Elimin tersiyle yanağıma düşen yaşı sildim. "Üzgün değilim. O anahtarlığı bana Ege almıştı." Barış başını öne eğdi. Onun bir şey demesine fırsat vermeden kapıyı açmak için öne atıldım. Anahtarı dikkatlice deliğe sokup kapıyı açtım. Önce Barış'ın geçmesine izin verip arkasından kapıyı kapattım.

"Yukarı çıkacağız, üçüncü kata." Başımı sallayıp asansörlere doğru ilerledim.

Üçüncü kata ulaştığımızda Barış'ı takip etmeye devam ettim. Aniden durunca hızımı alamayıp Barış'ın sırtına çarptım.
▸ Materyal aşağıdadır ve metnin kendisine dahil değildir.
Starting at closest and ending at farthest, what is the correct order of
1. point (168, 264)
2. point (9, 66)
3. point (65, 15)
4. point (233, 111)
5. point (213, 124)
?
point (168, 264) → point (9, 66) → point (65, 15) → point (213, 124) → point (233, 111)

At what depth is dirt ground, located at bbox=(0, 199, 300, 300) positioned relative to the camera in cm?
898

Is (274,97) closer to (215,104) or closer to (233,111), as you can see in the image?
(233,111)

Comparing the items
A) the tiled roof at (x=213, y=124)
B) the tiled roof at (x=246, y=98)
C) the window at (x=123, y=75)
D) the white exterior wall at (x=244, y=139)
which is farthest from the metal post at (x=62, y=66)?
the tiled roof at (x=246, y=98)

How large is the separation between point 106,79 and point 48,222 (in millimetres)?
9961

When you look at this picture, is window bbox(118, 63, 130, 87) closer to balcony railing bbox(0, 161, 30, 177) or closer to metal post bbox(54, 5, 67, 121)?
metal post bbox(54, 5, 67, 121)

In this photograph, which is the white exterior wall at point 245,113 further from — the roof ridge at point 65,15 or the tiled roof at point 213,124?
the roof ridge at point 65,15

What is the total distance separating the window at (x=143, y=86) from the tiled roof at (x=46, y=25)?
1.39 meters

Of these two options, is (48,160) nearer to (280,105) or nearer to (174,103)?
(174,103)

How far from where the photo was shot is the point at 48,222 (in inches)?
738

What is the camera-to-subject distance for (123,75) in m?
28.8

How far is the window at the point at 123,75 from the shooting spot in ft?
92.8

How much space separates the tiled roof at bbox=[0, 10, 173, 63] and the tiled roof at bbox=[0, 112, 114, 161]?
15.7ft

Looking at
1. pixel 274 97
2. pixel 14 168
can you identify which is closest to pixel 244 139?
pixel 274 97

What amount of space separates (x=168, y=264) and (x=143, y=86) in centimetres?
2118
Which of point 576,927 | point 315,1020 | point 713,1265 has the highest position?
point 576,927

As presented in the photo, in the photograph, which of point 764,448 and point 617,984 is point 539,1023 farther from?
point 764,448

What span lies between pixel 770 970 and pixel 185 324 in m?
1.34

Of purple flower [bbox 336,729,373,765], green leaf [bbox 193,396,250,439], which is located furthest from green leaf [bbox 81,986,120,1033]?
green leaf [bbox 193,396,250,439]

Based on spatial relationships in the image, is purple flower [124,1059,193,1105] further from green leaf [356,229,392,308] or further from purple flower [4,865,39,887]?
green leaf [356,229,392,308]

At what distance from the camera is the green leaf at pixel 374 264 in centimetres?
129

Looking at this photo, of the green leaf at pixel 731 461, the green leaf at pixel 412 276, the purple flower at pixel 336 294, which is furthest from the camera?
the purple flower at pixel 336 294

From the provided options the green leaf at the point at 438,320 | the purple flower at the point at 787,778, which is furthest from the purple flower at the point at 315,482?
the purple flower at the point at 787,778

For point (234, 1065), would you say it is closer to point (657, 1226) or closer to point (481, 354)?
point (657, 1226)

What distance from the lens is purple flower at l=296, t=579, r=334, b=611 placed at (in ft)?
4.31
Barış gülerek bana döndü.

"Affedersin." Barış başıyla farkında olmadan yanında durduğumuz kapıyı işaret etti. "Burası, aç bakalım." Heyecanla kapıya uzanıp açtım. İçeriye adımımı atmak üzereyken Barış beni durdurdu. "Terliklerini çıkarmalısın, her yer tertemiz." Gülerek terliklerimi çıkarttım. Barış'ın tepkisi beni güldürmüştü. İçeriye girip Barış'ın da gelmesini bekledim. O da içeriye girince evin içine doğru ilerledim. Gördüğüm manzara ile şokla Barış'a döndüm. Barış duvara yaslanmış ilgiyle bana bakıyordu.

"Sen ciddi olamazsın!" dedim bir ona bir eve bakarken. "Sen, nasıl?" Ellerimle ağzımı kapattım. Barış'ın bunu yaptığına inanamıyordum.
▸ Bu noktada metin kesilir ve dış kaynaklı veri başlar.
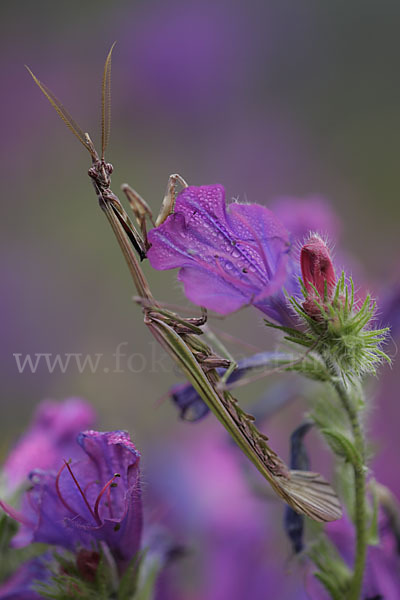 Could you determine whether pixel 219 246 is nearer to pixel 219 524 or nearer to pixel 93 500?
pixel 93 500

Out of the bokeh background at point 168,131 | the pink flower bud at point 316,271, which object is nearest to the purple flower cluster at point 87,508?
the pink flower bud at point 316,271

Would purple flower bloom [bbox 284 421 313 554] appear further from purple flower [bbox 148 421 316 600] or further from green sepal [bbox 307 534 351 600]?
purple flower [bbox 148 421 316 600]

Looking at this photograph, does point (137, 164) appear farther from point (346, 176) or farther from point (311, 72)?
point (311, 72)

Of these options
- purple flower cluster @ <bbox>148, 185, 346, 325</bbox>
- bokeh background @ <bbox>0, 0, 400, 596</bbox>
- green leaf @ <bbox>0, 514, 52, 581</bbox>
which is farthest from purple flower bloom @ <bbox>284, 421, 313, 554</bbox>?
bokeh background @ <bbox>0, 0, 400, 596</bbox>

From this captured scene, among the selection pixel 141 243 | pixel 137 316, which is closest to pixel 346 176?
pixel 137 316

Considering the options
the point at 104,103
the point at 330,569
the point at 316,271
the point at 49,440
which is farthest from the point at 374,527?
the point at 104,103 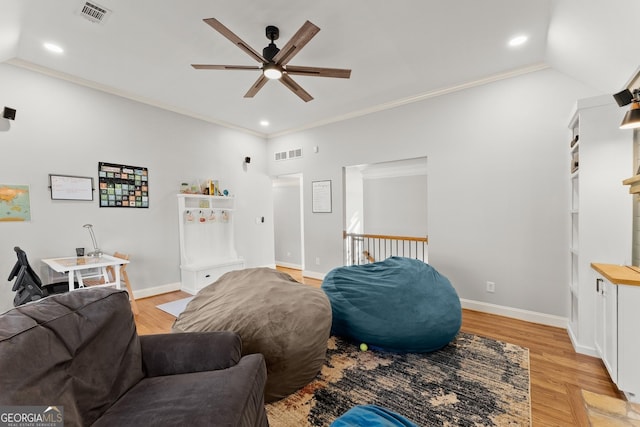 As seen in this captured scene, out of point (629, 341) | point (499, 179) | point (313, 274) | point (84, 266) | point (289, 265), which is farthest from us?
point (289, 265)

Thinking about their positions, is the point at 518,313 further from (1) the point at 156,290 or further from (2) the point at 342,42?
(1) the point at 156,290

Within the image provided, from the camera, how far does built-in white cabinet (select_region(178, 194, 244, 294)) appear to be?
14.3 feet

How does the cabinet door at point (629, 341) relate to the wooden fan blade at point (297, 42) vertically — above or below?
below

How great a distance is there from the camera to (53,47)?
110 inches

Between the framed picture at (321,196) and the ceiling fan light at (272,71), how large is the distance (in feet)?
8.19

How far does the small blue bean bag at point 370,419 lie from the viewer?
3.18 feet

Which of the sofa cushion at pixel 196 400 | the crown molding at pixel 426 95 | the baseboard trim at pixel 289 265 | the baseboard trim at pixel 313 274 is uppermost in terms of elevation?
the crown molding at pixel 426 95

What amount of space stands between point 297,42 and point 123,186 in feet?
10.9

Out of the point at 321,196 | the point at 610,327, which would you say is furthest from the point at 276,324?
the point at 321,196

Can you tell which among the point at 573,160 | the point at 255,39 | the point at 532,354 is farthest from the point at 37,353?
the point at 573,160

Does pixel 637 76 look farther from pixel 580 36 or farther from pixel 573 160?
pixel 573 160

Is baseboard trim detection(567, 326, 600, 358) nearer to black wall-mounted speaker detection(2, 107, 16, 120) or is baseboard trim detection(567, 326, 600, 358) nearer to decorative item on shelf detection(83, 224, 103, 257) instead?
decorative item on shelf detection(83, 224, 103, 257)

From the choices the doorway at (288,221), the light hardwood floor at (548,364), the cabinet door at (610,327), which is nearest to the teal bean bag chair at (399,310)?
the light hardwood floor at (548,364)

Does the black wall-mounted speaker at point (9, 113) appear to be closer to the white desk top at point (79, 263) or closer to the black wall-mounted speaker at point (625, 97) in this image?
the white desk top at point (79, 263) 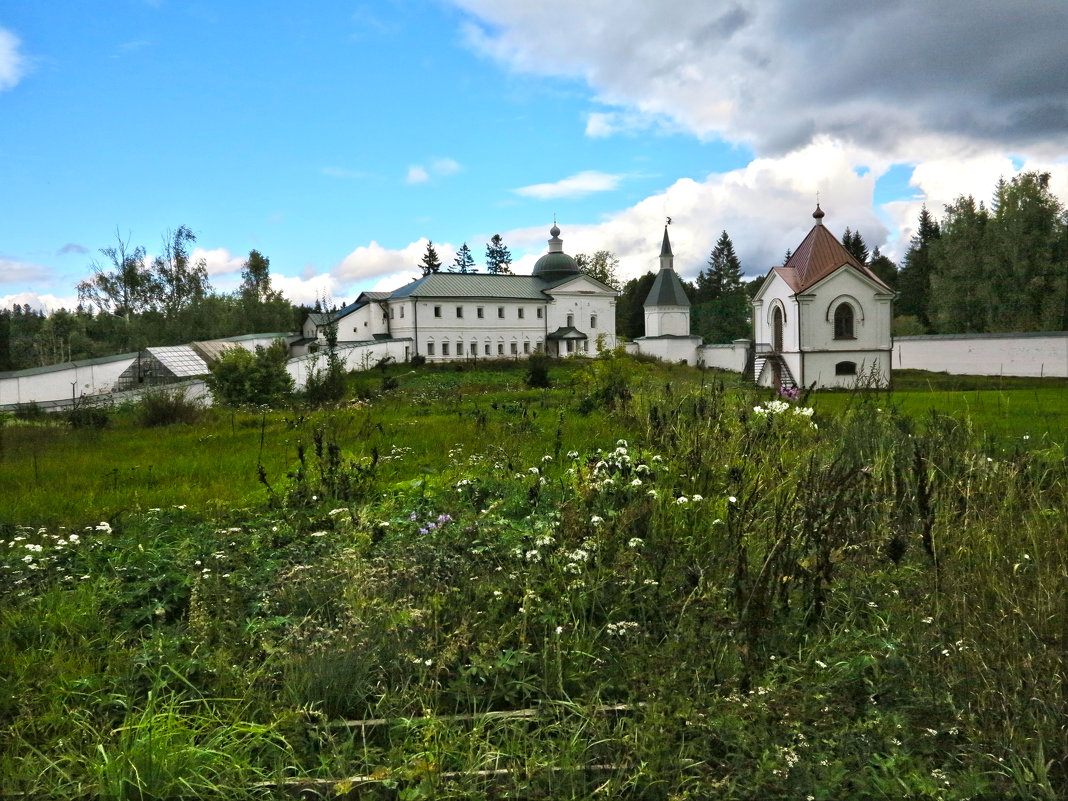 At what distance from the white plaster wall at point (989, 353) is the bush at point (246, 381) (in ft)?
75.4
"Kendini evinde gibi hissetmeni istedim." Barış'ı arkamda bırakıp içeriye doğru birkaç adım attım. Karşımda gördüğüm daire tek başıma yaşadığım evimin aynısıydı. Oturma odası, mutfak, her şey evimle aynıydı.

Girişi geçince geniş bir oturma odası vardı. Boydan boya kitaplığa dönüşmüş, kitaplıkların arasında kocaman bir şöminenin olduğu bir duvar vardı. Şöminenin üst tarafında sabitlenmiş bir televizyon vardı. Oturma odasının hemen yanında ferah bir ada mutfak vardı. Mutfağın yanında ise yatak odası, yatak odasının karşısında banyo vardı. Mutfak ve yatak odasının arasında küçük bir koridor kalıyordu. Koridorun sonundaki duvar boydan boya camdı ve ordunun şahane manzarasını gözler üzerine seriyordu. Cama yaklaşıp dışarıya baktım. Ordu falezlerin hemen yakınına konumlanmış ve oldukça büyük bir alana yayılmıştı. Manzarası inanılmazdı.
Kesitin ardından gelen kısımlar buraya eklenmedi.